● **TASK DIRECTIONS**
The copy should hold exactly the lines below from the one that contains "And for those" through the one that contains "It includes semantic" and nothing else, so no pictures.

● **PROVIDED RECORDS**
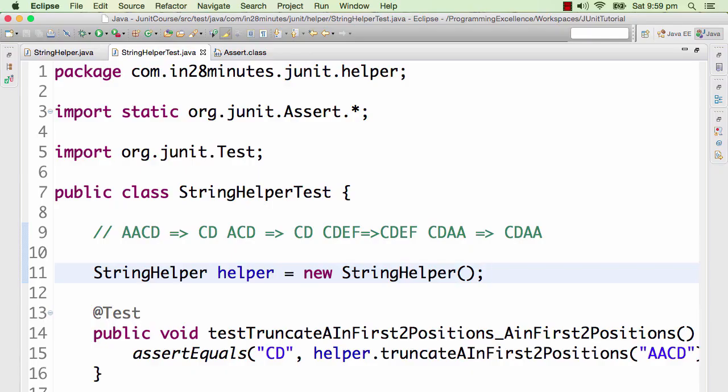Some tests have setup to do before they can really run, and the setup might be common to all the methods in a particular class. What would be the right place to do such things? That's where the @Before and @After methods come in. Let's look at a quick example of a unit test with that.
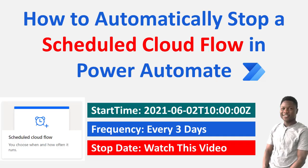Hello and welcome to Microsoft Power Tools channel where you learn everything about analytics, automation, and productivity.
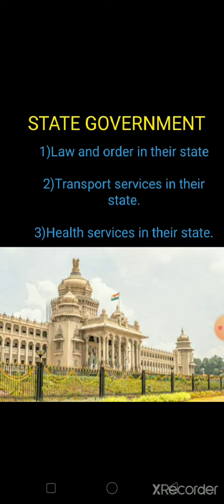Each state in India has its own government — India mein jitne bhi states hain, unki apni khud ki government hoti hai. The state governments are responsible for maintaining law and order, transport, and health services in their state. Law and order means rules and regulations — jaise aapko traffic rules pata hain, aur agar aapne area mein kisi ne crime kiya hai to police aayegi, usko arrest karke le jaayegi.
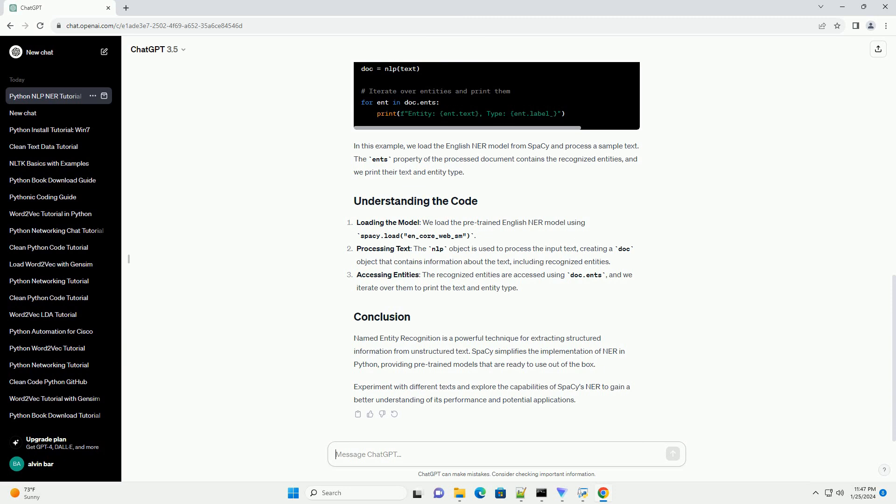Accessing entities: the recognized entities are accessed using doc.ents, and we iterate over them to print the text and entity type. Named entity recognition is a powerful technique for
--
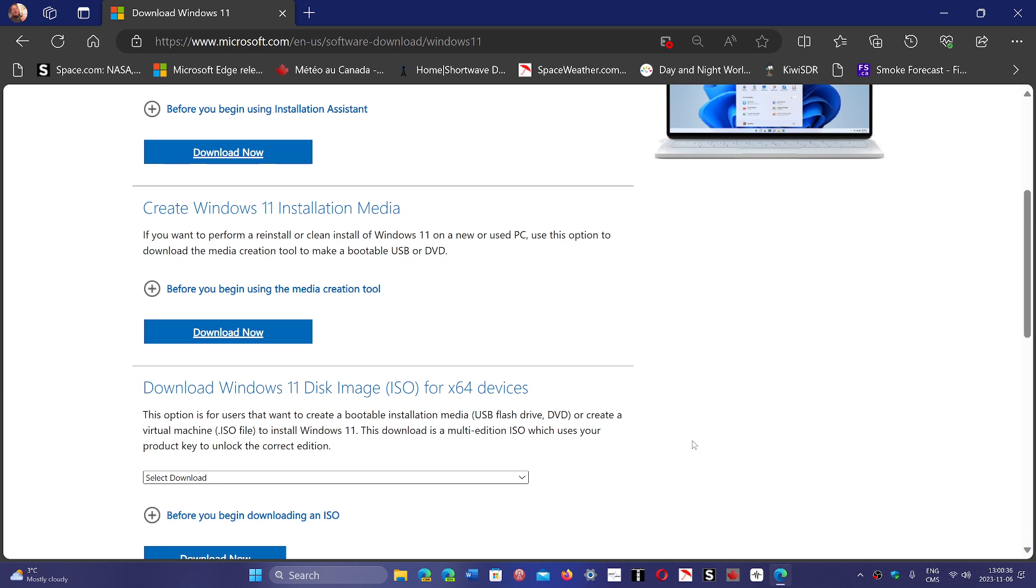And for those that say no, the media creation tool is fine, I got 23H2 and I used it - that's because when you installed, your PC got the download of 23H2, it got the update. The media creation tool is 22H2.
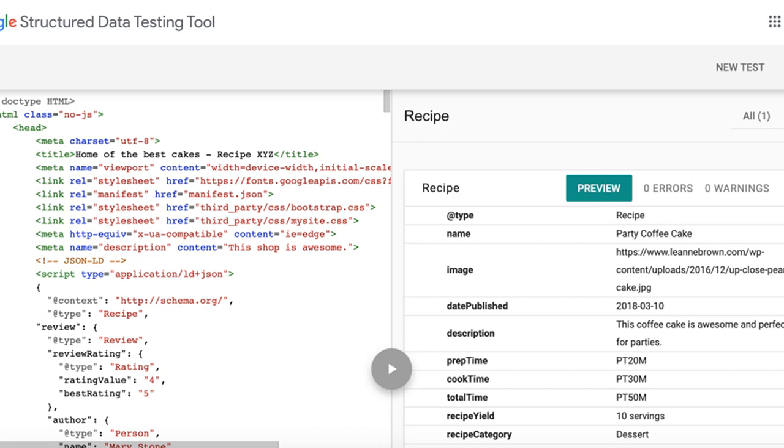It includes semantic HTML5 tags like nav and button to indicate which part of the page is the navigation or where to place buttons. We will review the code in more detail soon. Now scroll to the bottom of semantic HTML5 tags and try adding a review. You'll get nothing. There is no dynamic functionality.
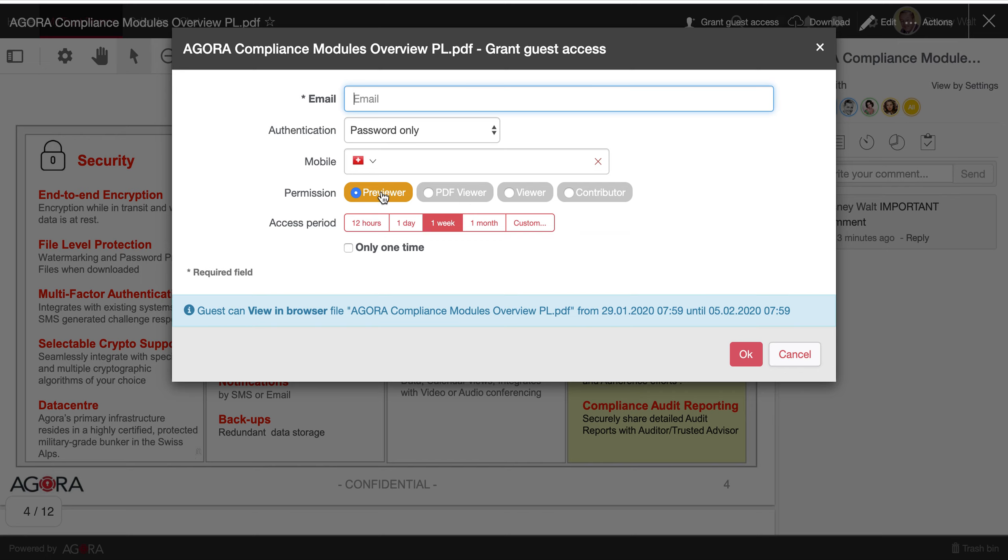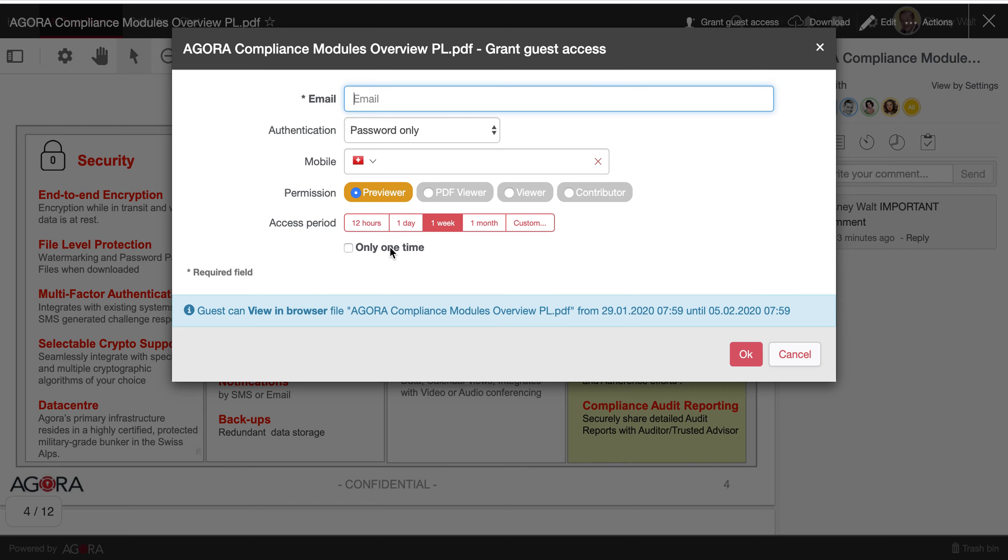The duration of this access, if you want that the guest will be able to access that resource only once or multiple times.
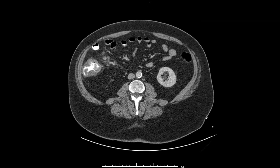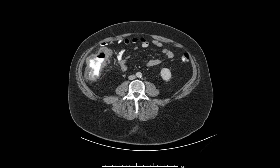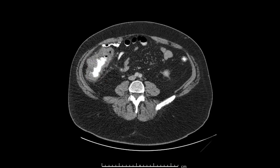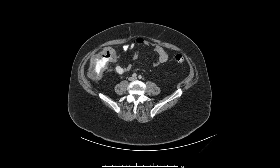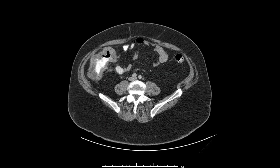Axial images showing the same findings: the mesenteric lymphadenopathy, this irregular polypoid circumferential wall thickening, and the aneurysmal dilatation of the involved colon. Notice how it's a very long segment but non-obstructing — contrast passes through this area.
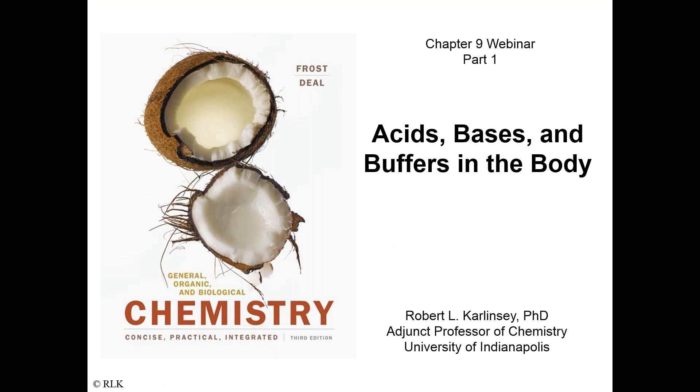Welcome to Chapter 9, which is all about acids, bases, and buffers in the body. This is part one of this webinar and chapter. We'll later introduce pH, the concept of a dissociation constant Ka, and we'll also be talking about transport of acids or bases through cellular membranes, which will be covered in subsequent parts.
---
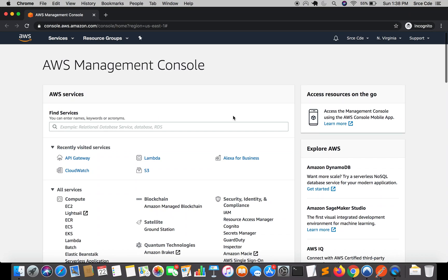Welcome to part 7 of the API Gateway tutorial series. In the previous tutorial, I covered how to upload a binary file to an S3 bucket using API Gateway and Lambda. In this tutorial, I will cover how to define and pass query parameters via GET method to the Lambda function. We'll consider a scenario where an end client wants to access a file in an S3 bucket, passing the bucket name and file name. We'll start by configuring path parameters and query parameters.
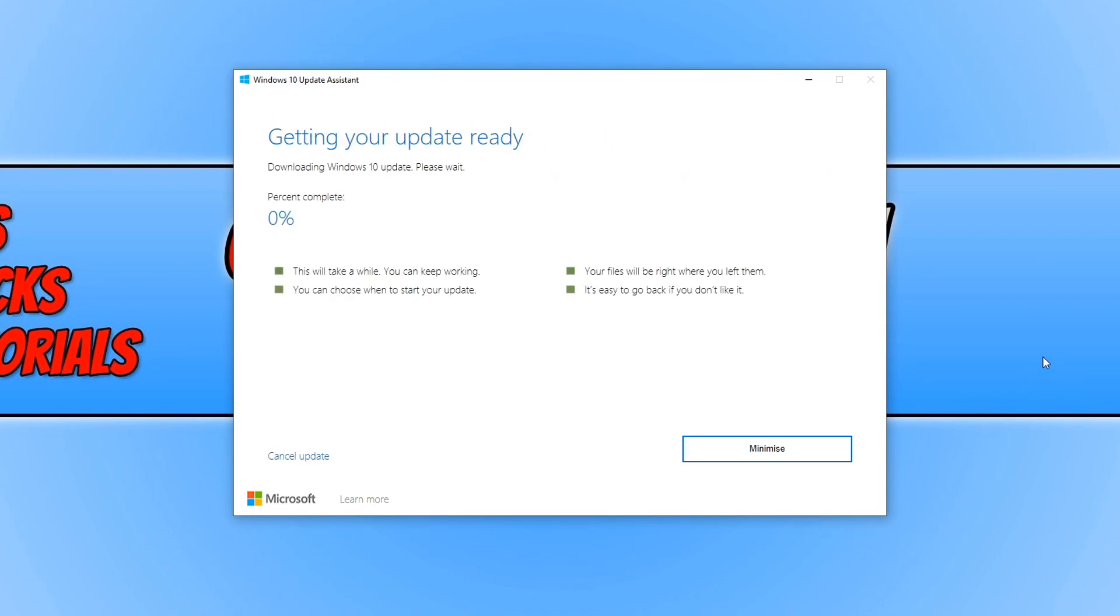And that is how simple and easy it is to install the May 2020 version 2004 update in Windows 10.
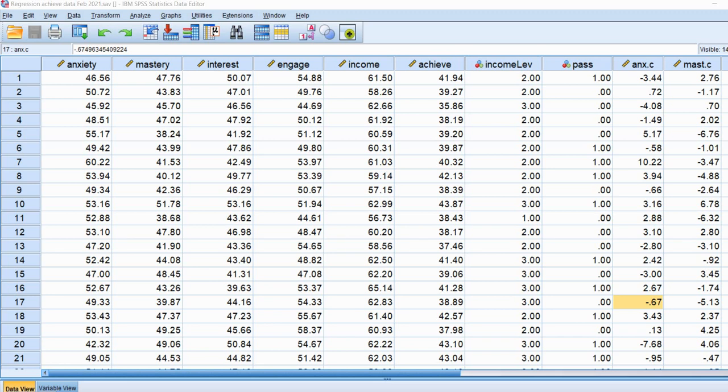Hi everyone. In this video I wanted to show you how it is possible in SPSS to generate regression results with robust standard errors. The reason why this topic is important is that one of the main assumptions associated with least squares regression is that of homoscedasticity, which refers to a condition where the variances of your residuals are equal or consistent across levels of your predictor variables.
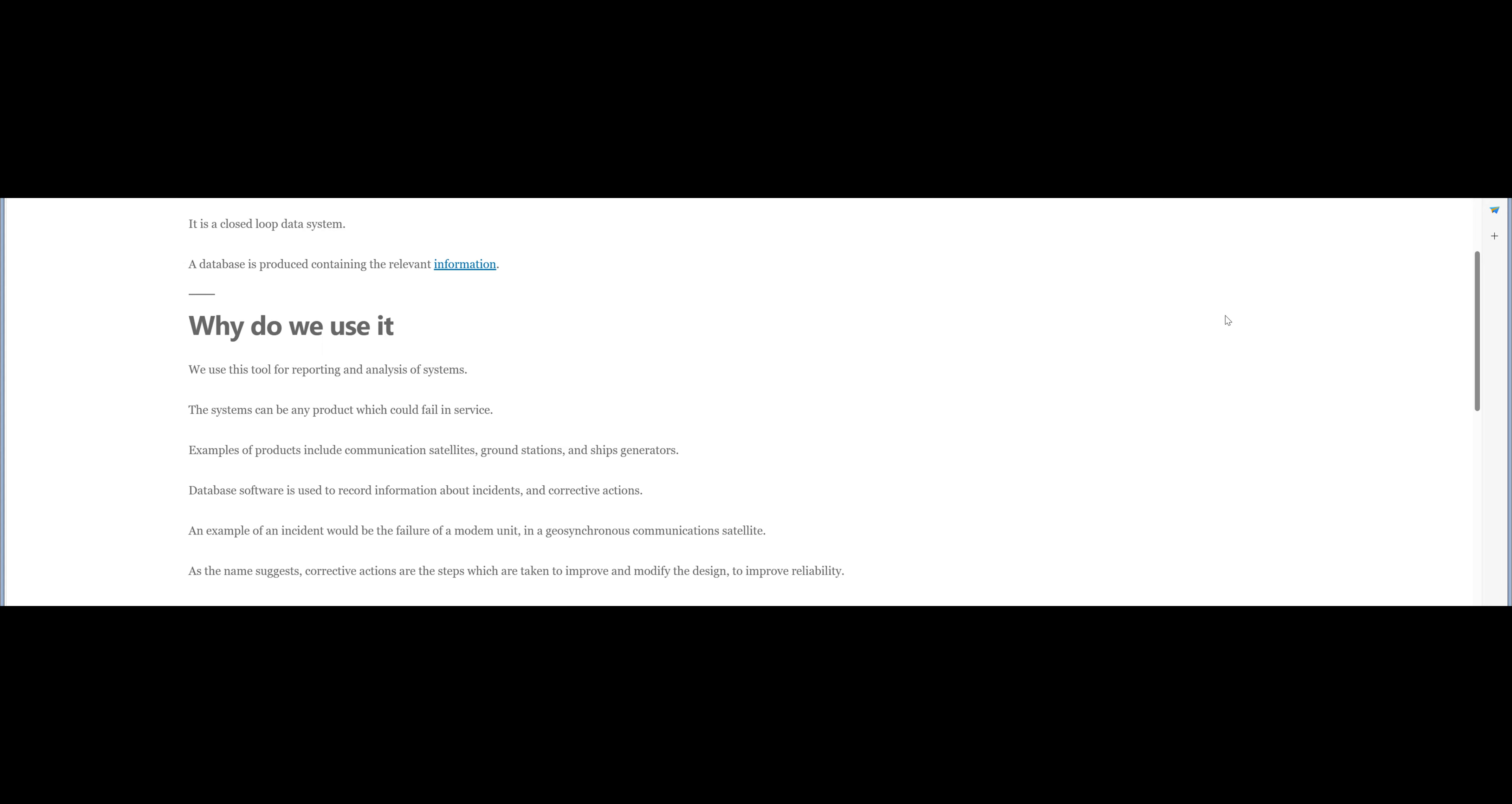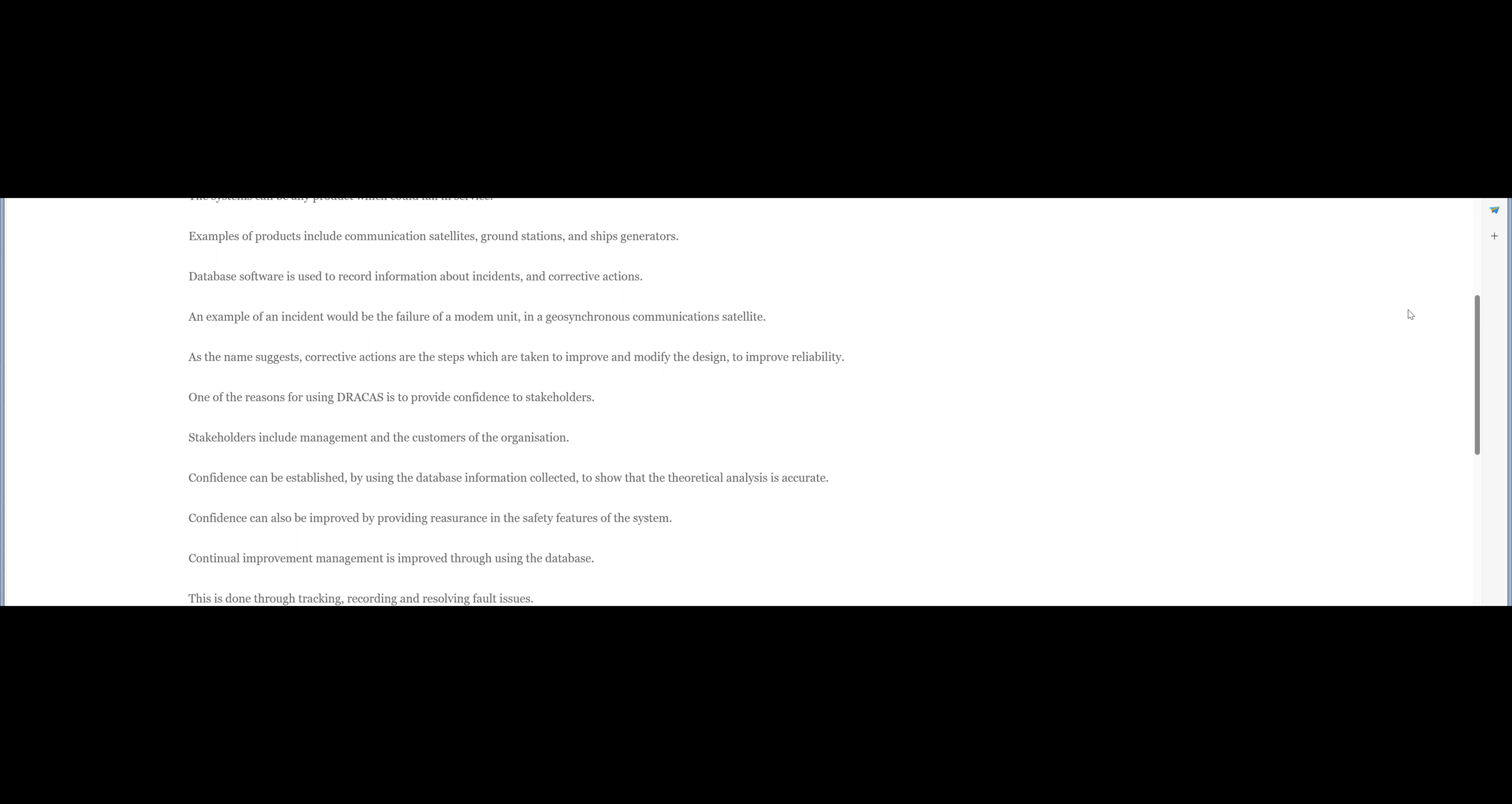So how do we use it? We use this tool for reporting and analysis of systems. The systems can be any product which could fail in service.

● **EXERCISE RESPONSE**
And for those that say no, the media creation tool is fine, I got 23H2 and I used it - that's because when you installed, your PC got the download of 23H2, it got the update. The media creation tool is 22H2.
It includes semantic HTML5 tags like nav and button to indicate which part of the page is the navigation or where to place buttons. We will review the code in more detail soon. Now scroll to the bottom of semantic HTML5 tags and try adding a review. You'll get nothing. There is no dynamic functionality.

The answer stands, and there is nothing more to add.